I ran into issue with langchain's caches when developping [wdoc](https://github.com/thiswillbeyourgithub/WDoc) (my RAG lib, optimized for my use) and after months of waiting I decided to fix it myself. And instead of trusting sqldict's implementation with langchain's concurrency I made my own.
This makes it very easy to add persistent cache to anything.
Also it was easy to do thanks to my [BrownieCutter](https://pypi.org/project/BrownieCutter/).
I initially made an implementation that used sqlite (with support for encryption, compression and handled concurrency via a singleton) but then I stumbled upon [lmdb-dict](https://github.com/uchicago-dsi/lmdb-dict) which is very probably way better as it's done by pros. It's based on [LMDB](https://en.wikipedia.org/wiki/LMDB) which is a more suitable for what I was after when doing PersistDict than sqlite3. If you want to use the sqlite version take a look at version before `2.0.0`.
## Features:
- **threadsafe**: if several threads try to access the same db it won't be a
problem. Even if multiple other threads use also another db. And if several
python scripts run at the same time and try to access the same db, LMDB
should make them wait appropriately.
- **atime and ctime**: each entry includes a creation time and a last access time.

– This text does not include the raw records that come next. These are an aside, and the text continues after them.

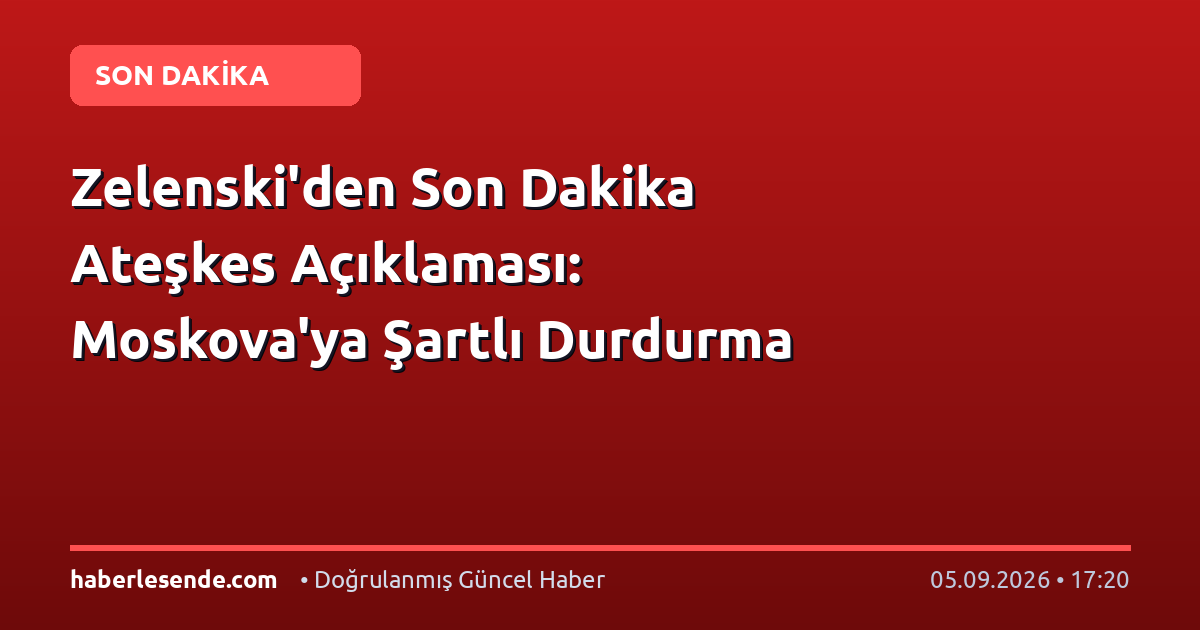 Zelenski'den Son Dakika Ateşkes Açıklaması: Moskova'ya Şartlı Durdurma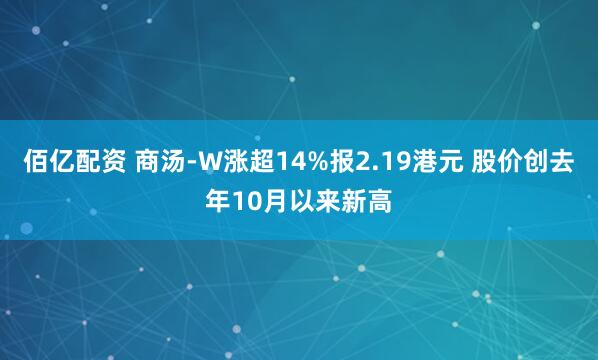 佰亿配资 商汤-W涨超14%报2.19港元 股价创去年10月以来新高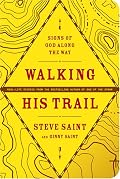 Walking His Trail: Signs of God along the Way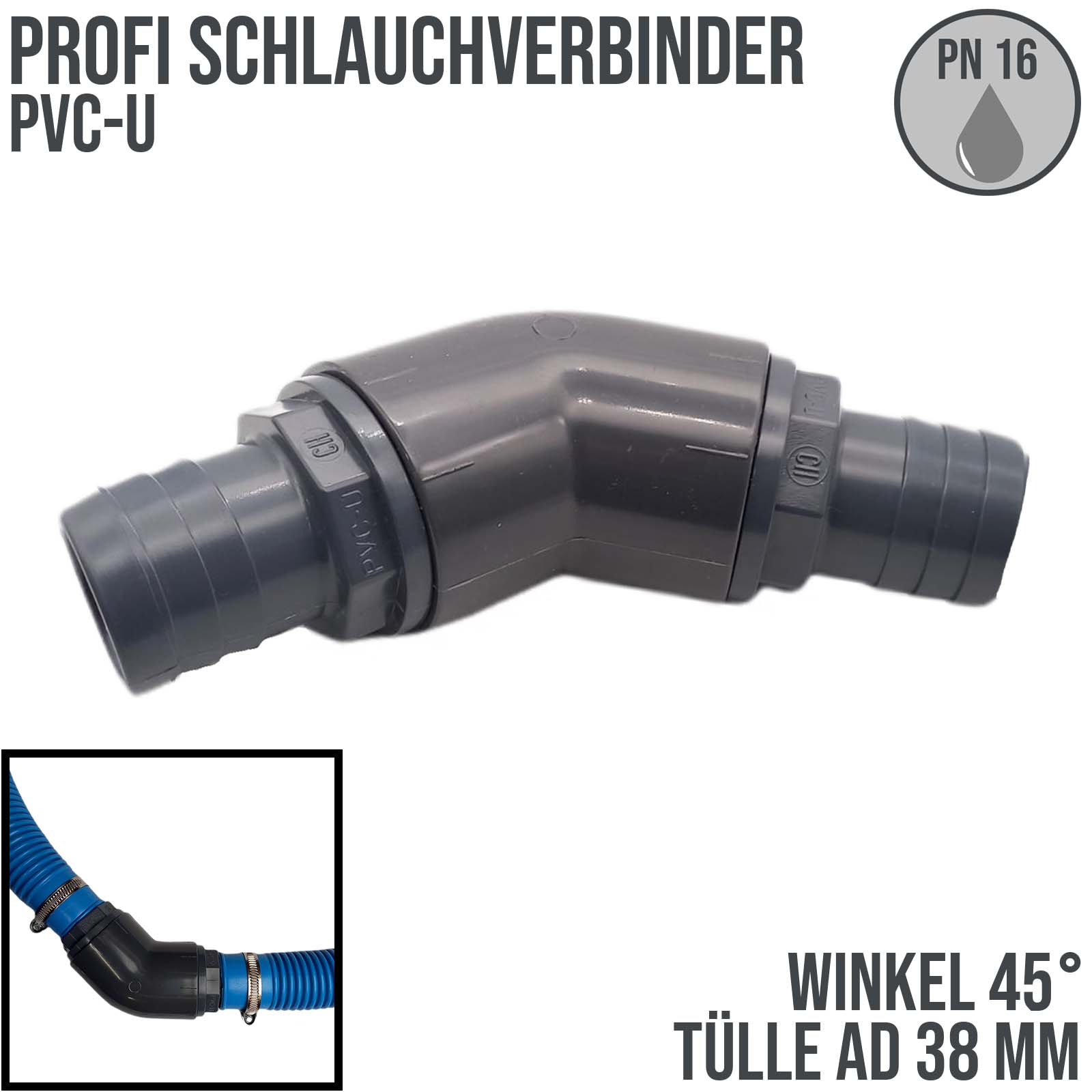 38 mm PVC PROFI Winkel 45° Schlauch Verbinder Stutzen Tülle Pool Teich Garten - PN 10 bar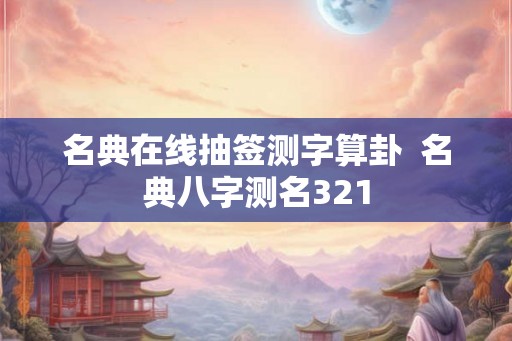 名典在线抽签测字算卦  名典八字测名321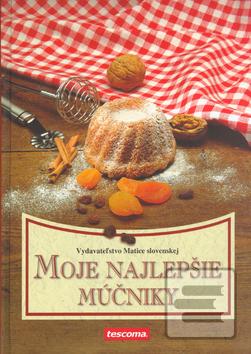 Kniha: Moje najlepšie múčniky - Mária Zjavková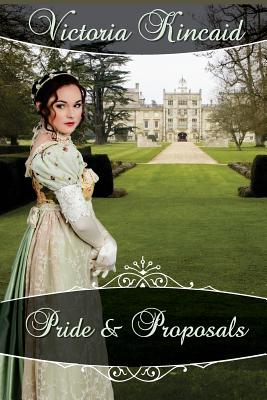 Pride and Proposals: A Pride and Prejudice Variation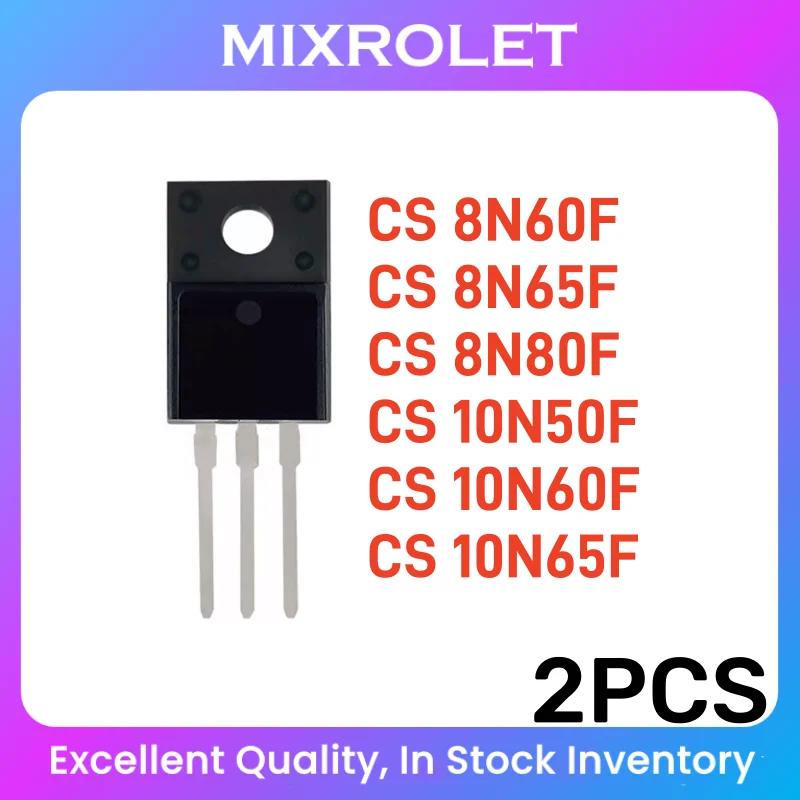 (2pcs) CS8N60F CS8N65F CS8N80F CS10N50F CS10N60F CS10N65F 8N60F 8N65F 8N80F 10N50F 10N65F MOS FET Original In Stock TO-220F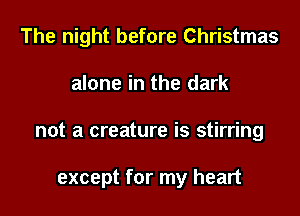 The night before Christmas
alone in the dark
not a creature is stirring

except for my heart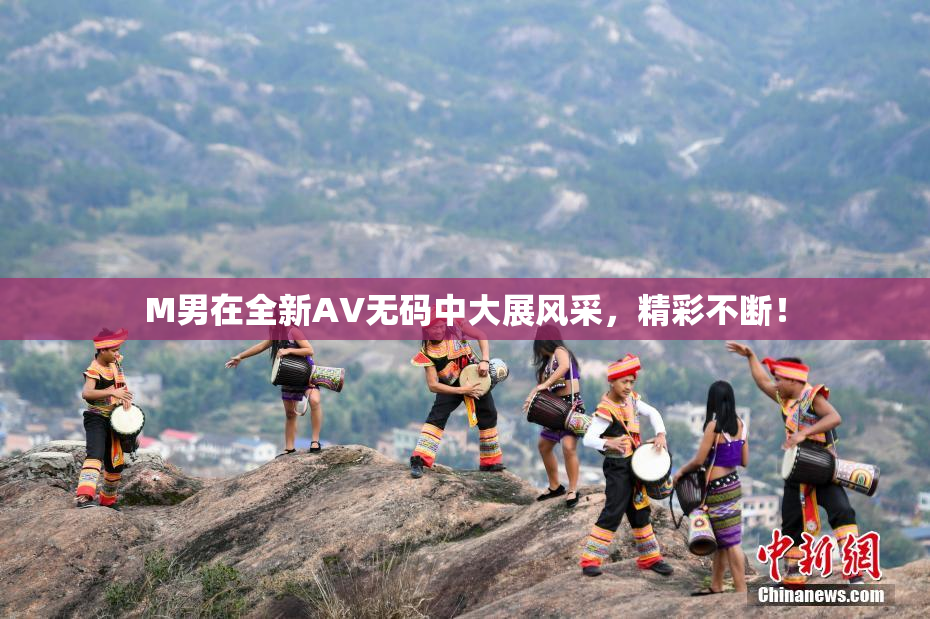 M男在全新AV无码中大展风采，精彩不断！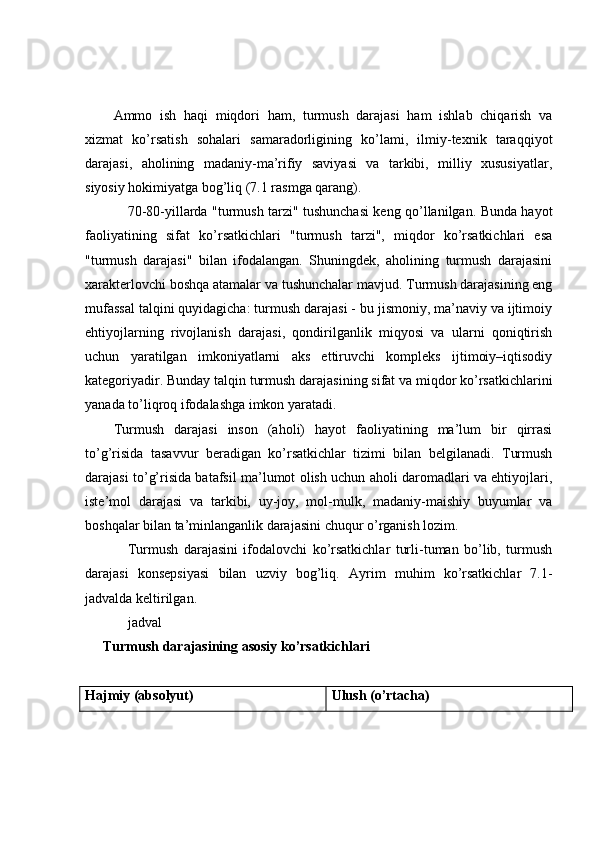 Ammo   ish   haqi   miqdori   ham,   turmush   darajasi   ham   ishlab   chiqarish   va
xizmat   ko’rsatish   sohalari   samaradorligining   ko’lami,   ilmiy-texnik   taraqqiyot
darajasi,   aholining   madaniy-ma’rifiy   saviyasi   va   tarkibi,   milliy   xususiyatlar,
siyosiy hokimiyatga bog’liq   (7.1 rasmga qarang). 
70-80-yillarda "turmush tarzi" tushunchasi keng qo’llanilgan. Bunda hayot
faoliyatining   sifat   ko’rsatkichlari   "turmush   tarzi",   miqdor   ko’rsatkichlari   esa
"turmush   darajasi"   bilan   ifodalangan.   Shuningdek,   aholining   turmush   darajasini
xarakterlovchi boshqa atamalar va tushunchalar mavjud. Turmush darajasining eng
mufassal talqini quyidagicha: turmush darajasi - bu jismoniy, ma’naviy va ijtimoiy
ehtiyojlarning   rivojlanish   darajasi,   qondirilganlik   miqyosi   va   ularni   qoniqtirish
uchun   yaratilgan   imkoniyatlarni   aks   ettiruvchi   kompleks   ijtimoiy–iqtisodiy
kategoriyadir. Bunday talqin turmush darajasining sifat va miqdor ko’rsatkichlarini
yanada to’liqroq ifodalashga imkon yaratadi.
Turmush   darajasi   inson   (aholi)   hayot   faoliyatining   ma’lum   bir   qirrasi
to’g’risida   tasavvur   beradigan   ko’rsatkichlar   tizimi   bilan   belgilanadi.   Turmush
darajasi to’g’risida batafsil ma’lumot olish uchun aholi daromadlari va ehtiyojlari,
iste’mol   darajasi   va   tarkibi,   uy-joy,   mol-mulk,   madaniy-maishiy   buyumlar   va
boshqalar bilan ta’minlanganlik darajasini chuqur o’rganish lozim.
Turmush   darajasini   ifodalovchi   ko’rsatkichlar   turli-tuman   bo’lib,   turmush
darajasi   konsepsiyasi   bilan   uzviy   bog’liq.   Ayrim   muhim   ko’rsatkichlar   7.1-
jadvalda keltirilgan.
jadval
Turmush darajasining asosiy ko’rsatkichlari
Hajmiy (absolyut) Ulush (o’rtacha)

- **expiration**: won't grow too large because old keys are automatically removed after a given amount of days.
- **cached**: Uses a `LRUCache128` from [cachetools](https://github.com/tkem/cachetools/).
- **customizable serializer for keys and values**: This can enable encryption, compression etc... By default, keys are compressed as [lmdb has a 511 default key length](https://stackoverflow.com/questions/66456228/increase-max-key-size-lmdb-key-value-database-in-python).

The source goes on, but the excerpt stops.